Bunu sizlere bir metaforla açıklamak istiyorum,
Kolektif bilinçdışını bir ormanın altında bulunan *mycelium ağı* olarak hayal edelim. Mycelium, mantarların toprak altında oluşturduğu ince ve geniş ağdır ve bitkiler arasında bilgi ve besin iletimi sağlar. Ormandaki her bir ağaç, bireyleri temsil eder. Bu ağaçlar, kendi kök sistemlerine ve bireysel bilinçlerine sahiptir. Aynı zamanda her bireyin kendi deneyimleri ve kişisel bilinçdışı dünyası vardır. Mycelium ağı ağaçları birbirine bağlayan geniş ve karmaşık bir yapıdır. Kolektif bilinçdışını temsil eder. Mycelium ağı, ormandaki tüm ağaçları besler ve bilgi aktarır, tıpkı kolektif bilinçdışının, bireyler arasında ortak semboller ve mitler aracılığıyla bilgi ve deneyim aktardığı gibi. Kurulan ortak bağlar tüm ormanı birleştirir ve güçlü kılar. Benzer şekilde, kolektif bilinçdışı, tüm insanları ortak bir psikolojik geçmiş ve semboller ağı ile birbirine bağlar.
Bu metafor, bireylerin kendi bilinç ve bilinç dışlarıyla bağlantılı olmalarının yanı sıra, daha geniş bir insanlık ağına da bağlı olduklarını ve bu ortak ağın, bireysel ve toplumsal deneyimlerimizi nasıl şekillendirdiğini anlamamıza yardımcı olabilir.

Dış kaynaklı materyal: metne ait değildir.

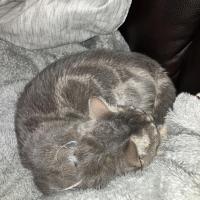 Amanda Redhead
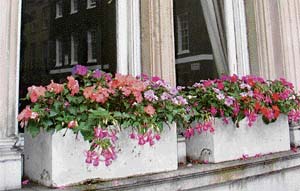Window boxes lend colour to a house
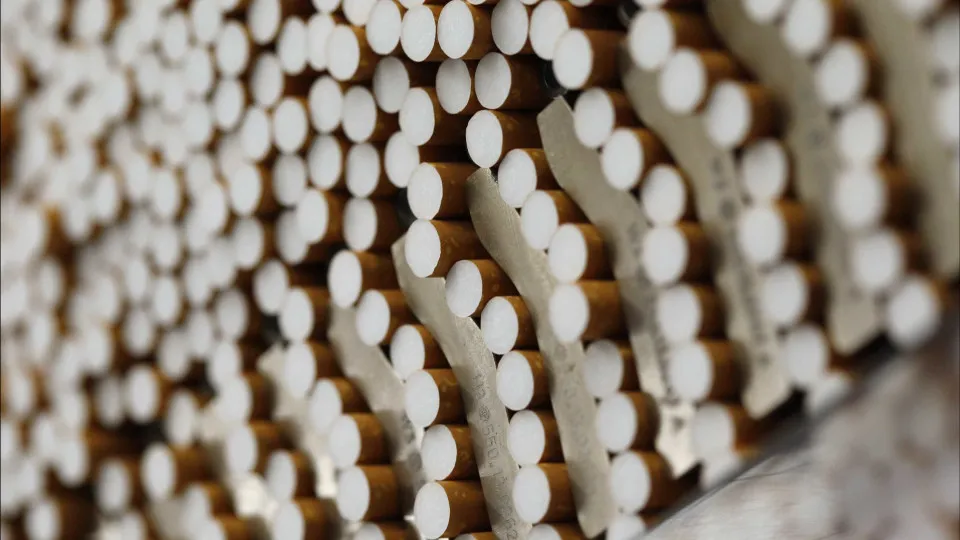 Cigarro, fumar, tabaco, British american tobacco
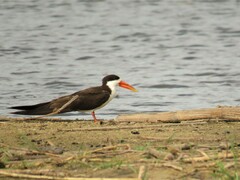 Rynchops flavirostris
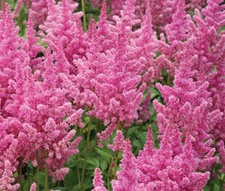 ASTILBE CHINESE Astilbe Chinensis - 125 Bulk Seeds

Özetle, Jung insanların gösterdiği davranış, duygu ve düşüncelerin yalnızca bireyin kendi deneyimlerine ya da geçmiş yaşantılarına dayanmadığını belki de bunların arkasında bireyin atalarından miras kalan duygu, düşünce, davranış ya da bir içgücüdünün olabileceğini bizlere göstermiştir.